Include in the policy/process for pricing and job cost accounting those steps required for compensated overtime to personnel who are non-exempt from the Fair Labor Standards Act (hourly who receive time and one half).

 

Also include the policy/process for pricing and job cost accounting, those steps required for uncompensated overtime to personnel who are exempt from the Fair Labor Standards Act (salaried who receive pay at straight time for hours in excess of 40 and those who do not receive pay at all for hours in excess of 40).

The former are usually engineers and technicians. The latter are usually management or staff).

 

I encourage "Total Time Accounting" for all contractors to make all hours worked, and leave, a part of the record and minimize waste, fraud and abuse, or defective pricing allegations.  

 

The below article by Find Law contains an approach to the issue of uncompensated overtime and I encourage firms to at least review the information so you know what options are available, especially the last 4 paragraphs of the article:

 

 

Uncompensated Overtime Are You Giving Away Hours?  

 

 

Much has been written about the various methods available for Government contractors to account for uncompensated overtime. Unfortunately, almost all of the published information concentrates on the accounting mechanics of timekeeping and labor cost allocation issues and fails to address the one question that should really matter to contractors - which method creates reasonable revenue for the work actually performed? 

 

The DCAA Audit Manual (Section 6-410) discusses uncompensated overtime in some detail from the perspective of whether contractors should record all actual hours in their timekeeping systems (i.e., whether contractors should use "total time accounting"). Surprisingly, DCAA never reaches a conclusion on the subject. DCAA effectively seems to condone the submission of signed timesheets that represent less than time actually worked.

 

"In our view, contractors performing labor-hour, time-and-material, or cost reimbursable contracts should avoid any timekeeping system that fails to accurately report the total time worked. Such a system under-bills clients for work performed and thereby affects a company's bottom line. Moreover, any timekeeping system that by its very design under-reports actual hours worked invites labor mis-charging and false claim allegations.

 

A total time accounting system that accurately reports hours will generate the proper amount of revenue for contractors on each of their labor-hour and time-and-material contracts. Cost reimbursable contracts have an added twist. Many cost reimbursable contractors who report total time use a diluted hourly rate approach for distributing labor costs to projects. For example, if an employee is paid $1,000 per week and works 40 hours, the projects are charged $25 per hour. If the same employee works 50 hours the following week, the hourly rate is diluted and projects are charged $20 per hour. In this example the contractor gets no additional revenue for the extra 10 hours of effort - they are provided free of charge to the Government.

 

Fortunately, acceptable standard cost approaches will negate this windfall to the Government and still allow the contractor to take advantage of uncompensated overtime.
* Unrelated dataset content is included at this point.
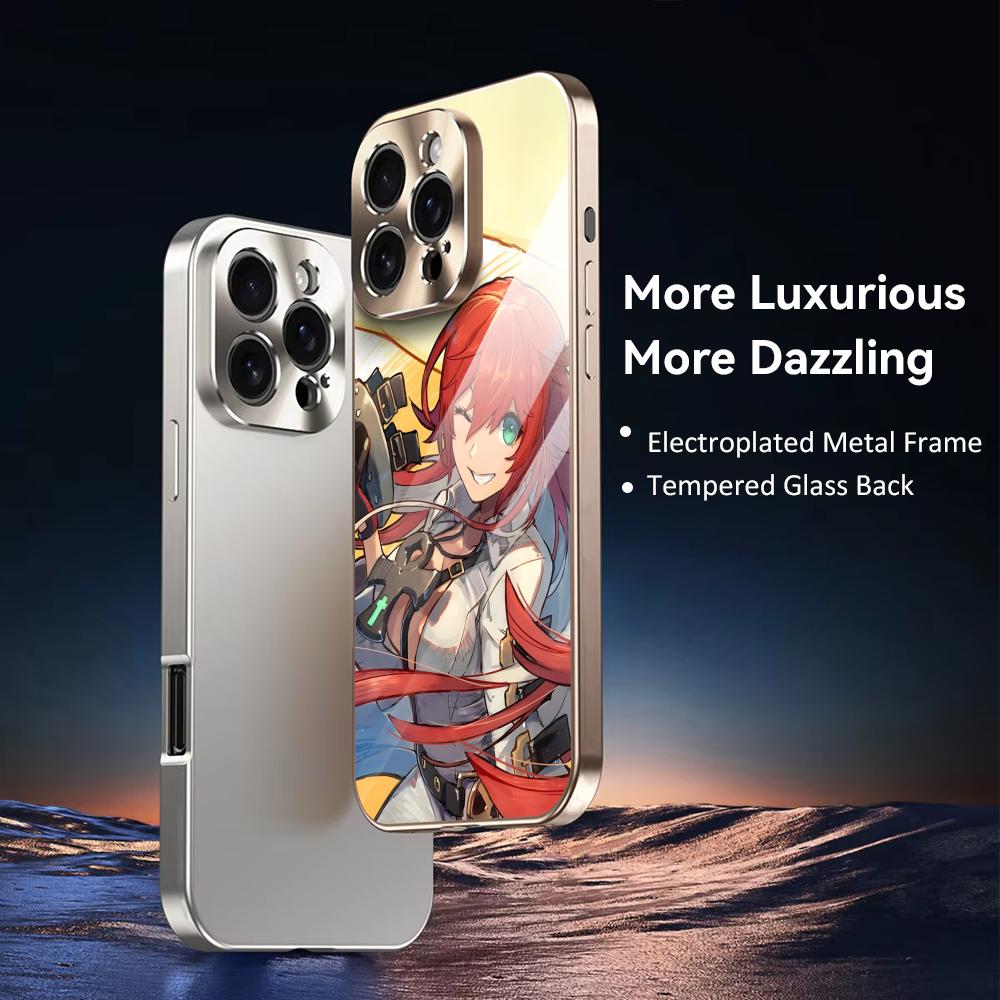 Custodia per telefono Video Ga - Phone Cases Video recensione e prezzo
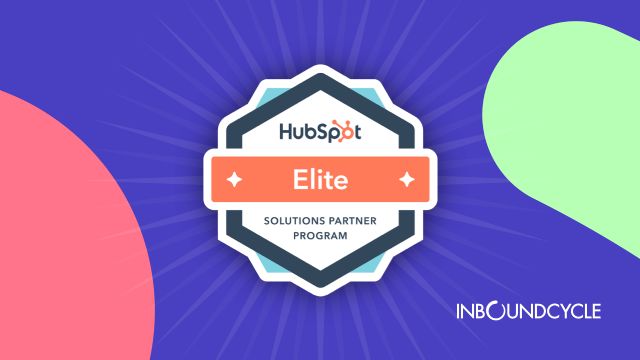 InboundCycle primera agencia inbound en España e Hispanoamérica que consigue ser Partner Elite de HubSpot - 1, Foto 1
The most common of these approaches involves charging direct labor to projects at a standard hourly rate established annually for each direct labor employee. Actual hours are charged to projects at this standard rate. (see CAM 6-410.4 c.)

 

For uncompensated overtime situations, the variance between labor charged to projects and actual compensation is charged/credited to overhead. Such an approach allows contractors to account for their hours in an accurate, straightforward manner, bill for the hours actually worked, and effect a potential competitively beneficial decrease in their overhead rates. DCAA has recognized this as an acceptable method of accounting for labor costs, and we think that it generally beats just giving the Government hours of effort for free."